Help files

Web Data Extraction Part I

Extracting data from web pages is a big part of Web Automation. In WinAutomation there are four actions dedicated to this task, with "Extract Data from Web Page" being the more important and versatile.

The other actions allow you to take a screenshot of a web page element, retrieve details of a web page such as its title or its HTML source and finally retrieve any HTML attribute of any web page element or even its text.

So far so good, however, very often, you want to retrieve information displayed into the page in the form of tables or lists, rather than technical values. And this is where the "Extract Data from Web Page" action comes into play:

webdataextractioni1.png

As with any other web-related action you will first need to specify the web browser instance containing the page you want to extract data from. The next step is to specify the data itself and finally to select where the extracted data will be stored. The default value is to be written into a newly generated Excel spreadsheet, but to do so you need to have Microsoft Excel installed in your computer.

Alternatively you can have the data stored into a variable for further processing by later actions. Note that the extracted data can be in any of the following forms:

1. Single Value:

Say that from a web page containing info about a product, your extract the product name only. In this case, if the extracted data is stored into a variable this variable will contain a text value.

2. Handpicked (multiple) values:

Say that, in our previous example you select to extract not only the product name, but also the description and its price. In this case three separate values will be extracted and the resulting variable will hold a value of type DataRow.

You will be able to access each one of the retrieved values using the following form: %DataFromWebPage[...]% where within the brackets you will enter either a number or the name of the value.

3. Lists:

You are no longer in the page containing the product info, but in a page containing the list of all products. If you choose to retrieve all the product names displayed in the page then you'll end up with a list. Subsequently, the variable holding the extracted data will be of type List.

4. Tables

In the previous example of the web page containing a list of products you select to retrieve both the name and the price for each product. In this case the resulting variable will hold a DataTable with a product in each row and two columns (with the product name stored in the first column and the product price in the second one).

Selecting the Data to extract from a Web Page

To specify which data you want to extract from the web page you will need to use a Data Extraction Web Helper. The target data can be specified either by using the live version of the Web Helper, or the standard one.

Live Web Helpers conveniently work on an existing Internet Explorer window. Just have the action "Extract data from Web Page" open in your designer and click on the Internet Explorer of your interest.

The standard Web Helper on the other hand, is a browser window itself and opens by pressing the "Specify Web Data to Extract".

Should you click on the "Specify Data to Extract" button the Web Helper Window will appear.

webdataextractioni2.png

this window consists of two parts, the left pane which is the web browser and the right sidebar which displays a preview of the data selected for extraction.

As with the Web Helpers, the first step is to enter the URL in the address bar and navigate to the page containing the data to be extracted.
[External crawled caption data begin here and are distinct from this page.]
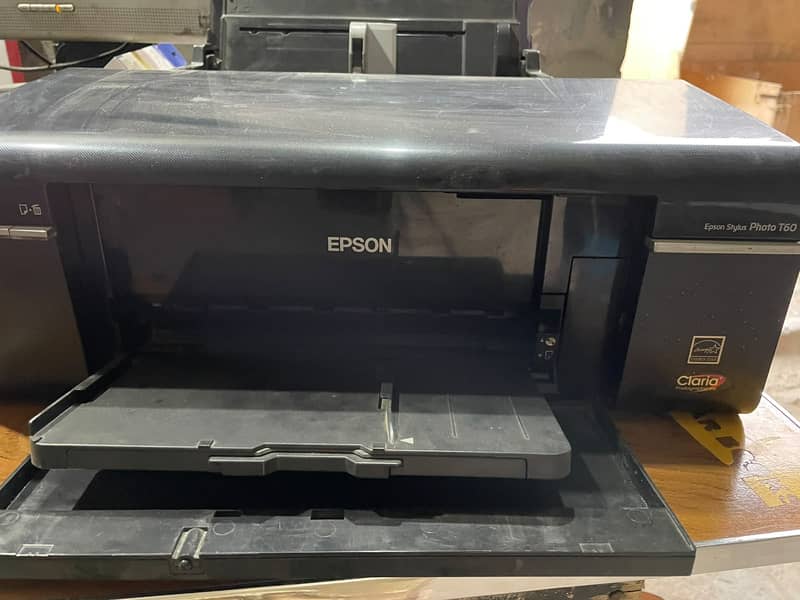 Epson t50 3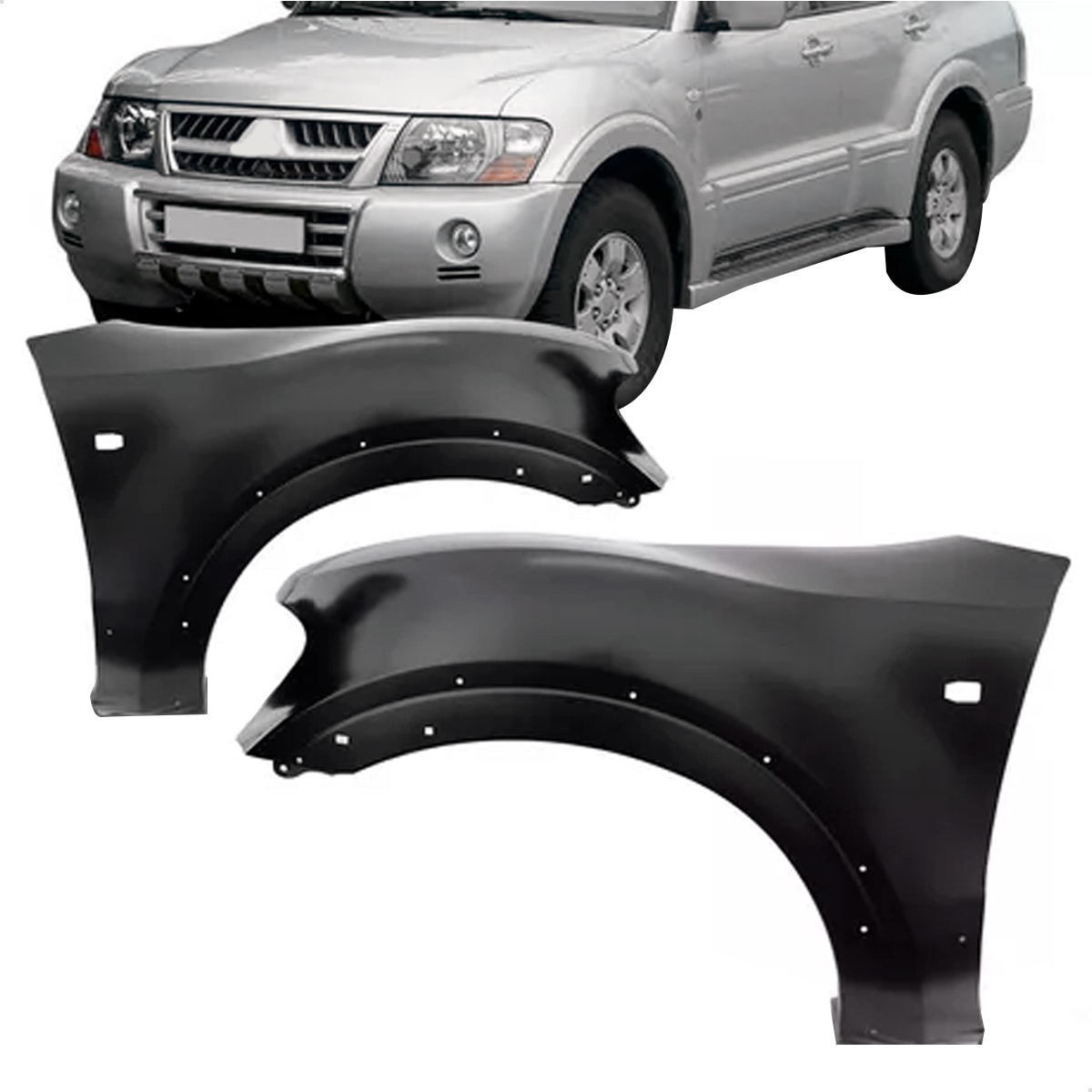 image_56c0b85a-e697-4095-9c7a-de620a713036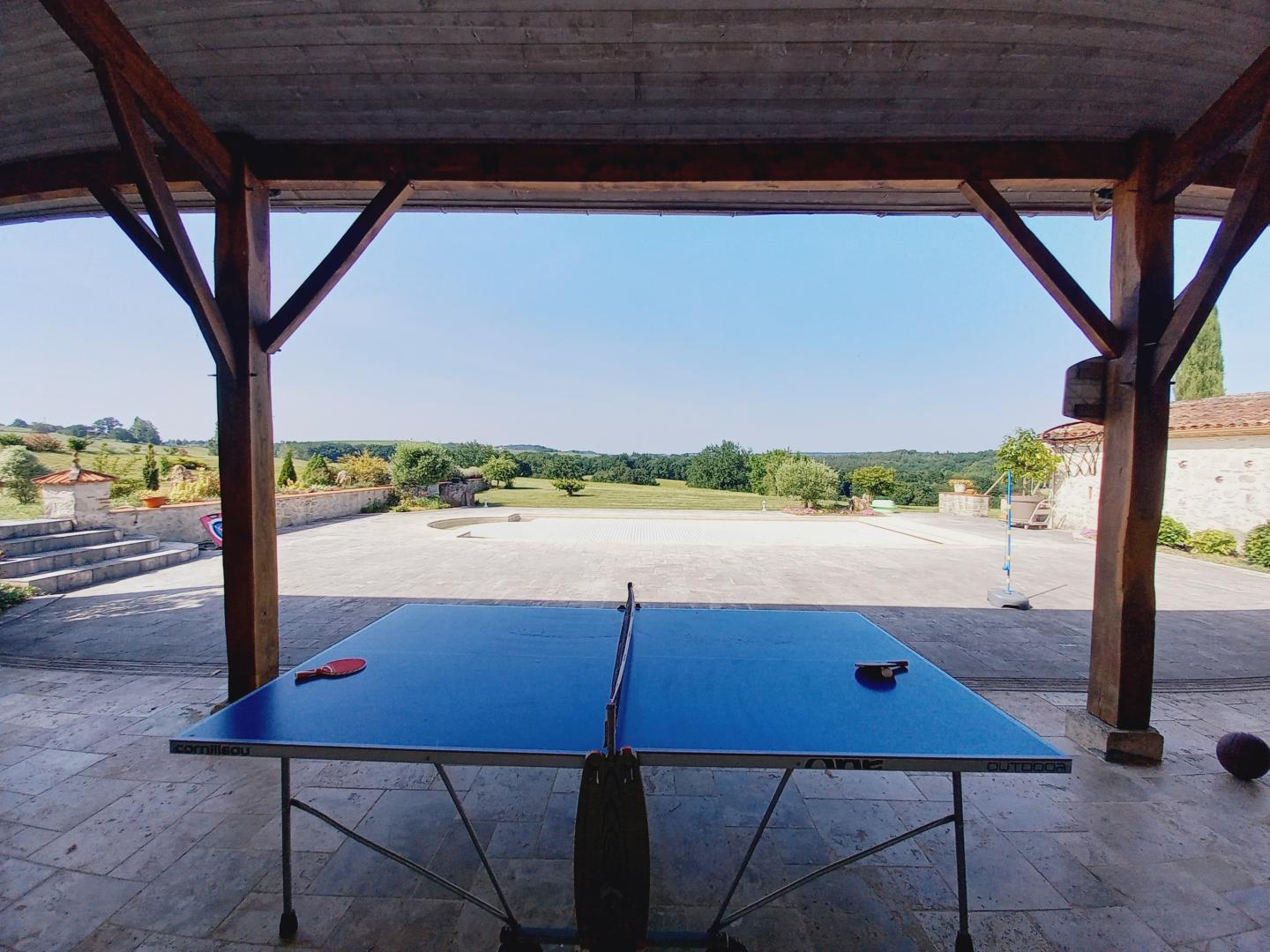 Bruges, Saint-Pastour - photo 5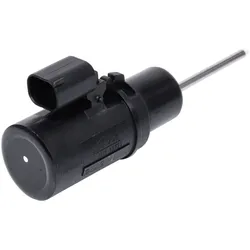 ATE Pedalwegsensor, Bremspedal Bremskraftverstärker  für ASTON MARTIN MERCEDES-BENZ JAGUAR FORD CHRYSLER VOLVO C2C39935 68046475AA 1635401217 03.0655-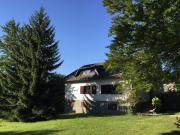 Top Plitvička Jezera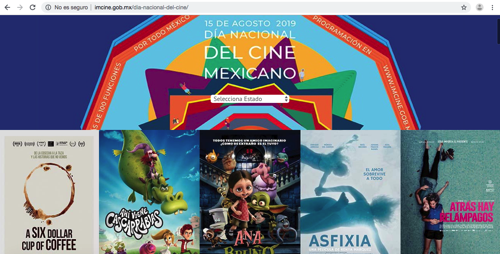 IMCINE dia del cine mexicano.png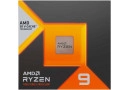 Процесор AMD Ryzen 9 7900X3D (100-100000909WOF) - зображення 1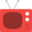 awtv.ru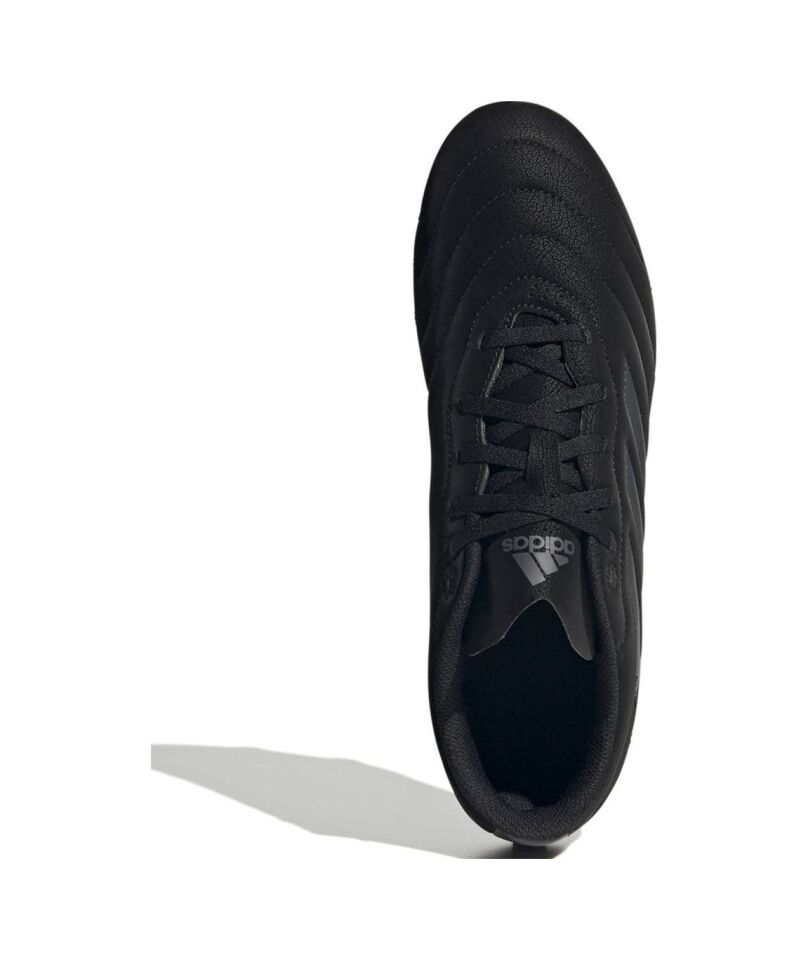 Adidas Goletto Fg Erkek Krampon Hp6458 Siyah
Next, all you have to do is right click on any element of the page that you want to retrieve and select the property you want to extract. Most often you will want to extract the text of the element, but you have also the choice to specify any HTML attribute you want to retrieve.

webdataextractioni3.png

At any point you can press the "Accept" button and finish the process of selecting the data you want to extract, or you may continue by selecting more elements. Depending on the elements you select, the web helper may or may not expand the selection. For example, if  the next element you select is the URL of the element chosen in the previous screenshot (shown in green in the screenshots) you will have just two elements selected:

webdataextractioni4.png

If, however, the second element you selected was another search result title, WinAutomation would detect that you are extracting a list and would expand the selection to all items of the list:

webdataextractioni5.png

On the right sidebar you see the preview of the data to be extracted in the form of a list.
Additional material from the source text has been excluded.